Soru

8. Şua Risalesinin 8. Remzinin Birinci ve İkinci Suallerinin İzahı

8. Şua'nın 8. Remzinde geçen 1. ve 2. sualleri ve cevaplarını, detaylı bir şekilde izah eder misiniz? 

Tarih: 10.02.2025 12:01:36

Cevap

Birinci Sual: “Bütün kıymetdar kitaplar içinde Risâle-i Nûr, Kur’ân’ın işaretine ve iltifâtına ve Hazret-i İmâm-ı Alî radıyallâhü anhın takdîr ve tahsînine ve Gavs-ı A‘zam’ın teveccüh ve tebşîrine vech-i ihtisâsı nedir? O iki zâtın kerâmetle Risâle-i Nûr’a bu kadar kıymet ve ehemmiyet vermelerinin hikmeti nedir?”

İslâm tarihinde çok büyük zâtlar tarafından 1400 yıldan beri birçok değerli, kıymetli kitaplar, eserler kaleme alınmıştır. Risale-i Nur, bütün bu değerli kitaplar ve eserler içinde neden bu kadar önemli bir yere sahiptir? Risale-i Nur'ların, Kur'ân tarafından hususen işaret edilmesi ve övülmesi (1. Şuâ), İmam-ı Ali (r.a.) tarafından hususen takdir edilmesi (18-28. Lemâ ve 8. Şuâ), Gavs-ı Azam Abdülkadir Geylani Hazretleri tarafından özellikle müjdelenmesi (8. Lemâ) nedendir? Bu büyük zâtların, Risale-i Nur’a bu kadar değer vermelerinin hikmeti nedir?

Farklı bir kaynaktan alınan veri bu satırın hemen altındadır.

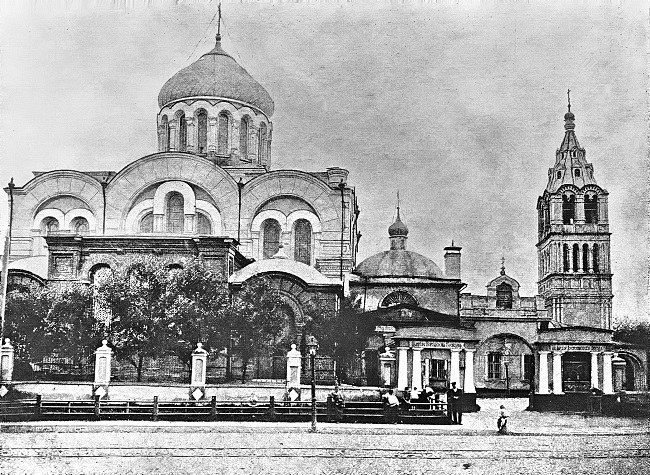 Когда-то москвичи всем миром восстанавливали Храм Христа Спасителя. Теперь жители столицы пытаются возродить Храм Богоявления Господня в Дорогомилове, который с конца 1920-х до разрушения в 1938 году являлся кафедральным собором Московской епархии...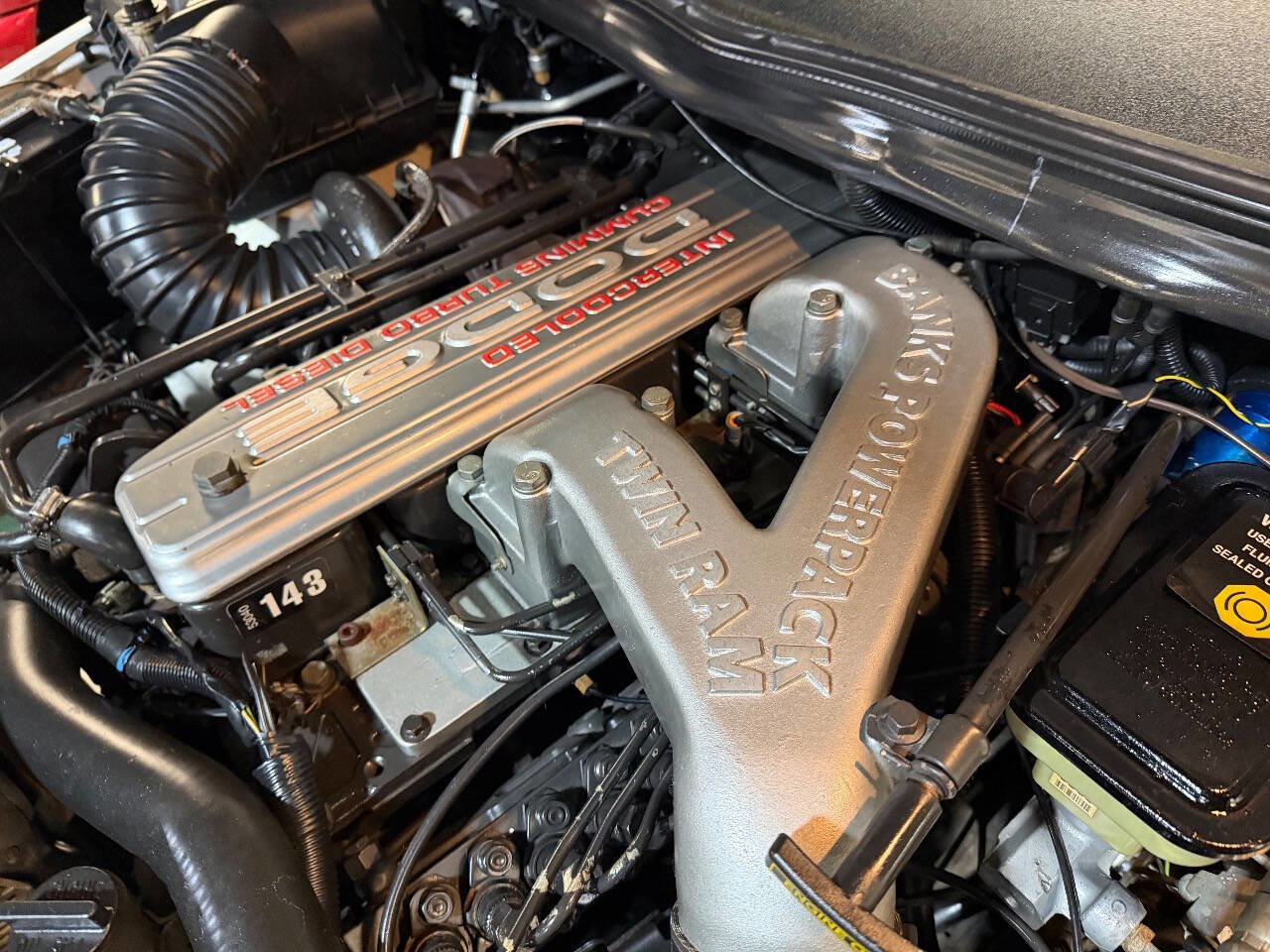 Used 1997 Dodge Ram 3500 Truck 4x4 Club Cab image 2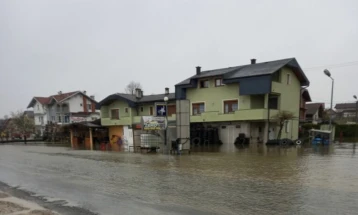 Во делови од БиХ поради невреме нема струја, растат водостоите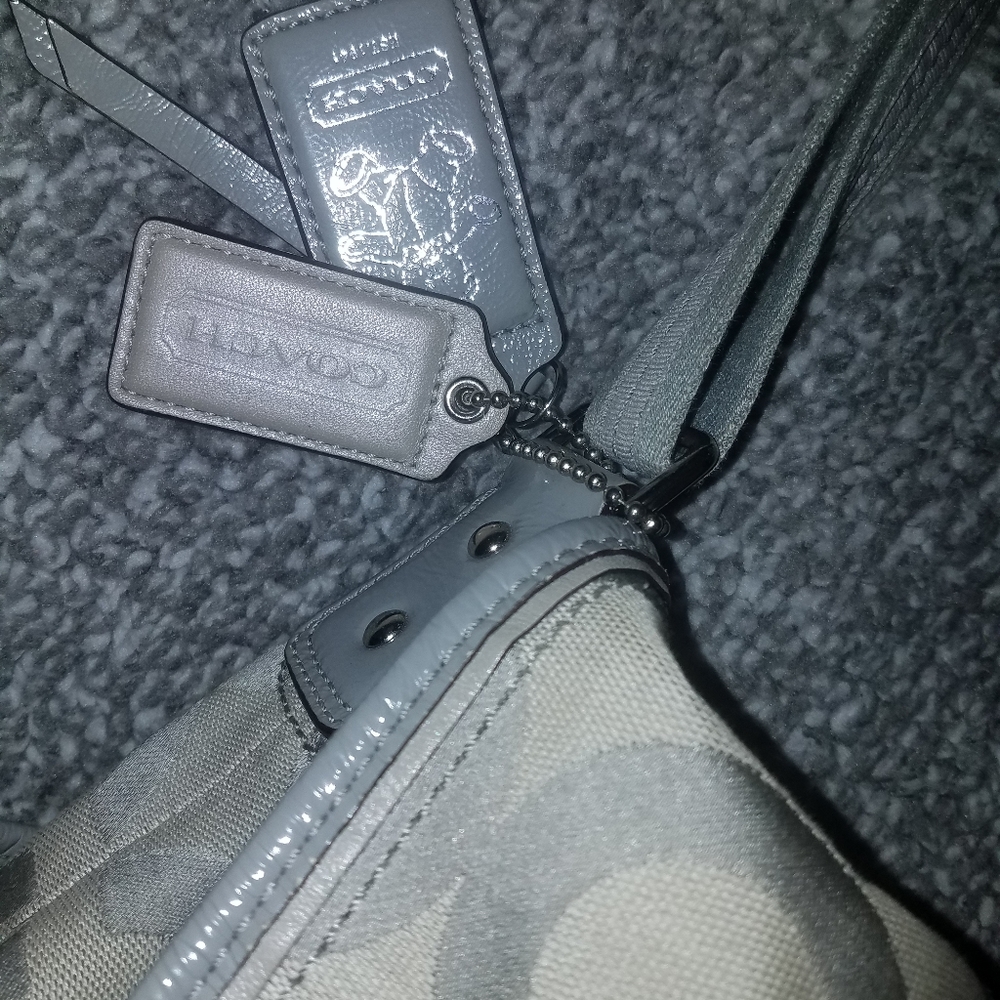 Authenic Coach Large Silver diaper Bag - Picture 5 of 7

Elcevab: Ma‘lûmdur ki, bazı vakit olur, bir dakika bir saat, belki bir gün, belki seneler kadar; ve bazı vakit olur, bir saat bir sene, belki bir ömür kadar netice verir ve ehemmiyetli olur. Meselâ, bir dakikada şehîd olan bir adam bir velâyet kazanır. Ve soğuğun şiddetinden incimâd etmek zamanında ve düşmanın dehşet-i hücûmunda bir saat nöbet beklemek, bir sene ibâdet hükmüne geçebilir.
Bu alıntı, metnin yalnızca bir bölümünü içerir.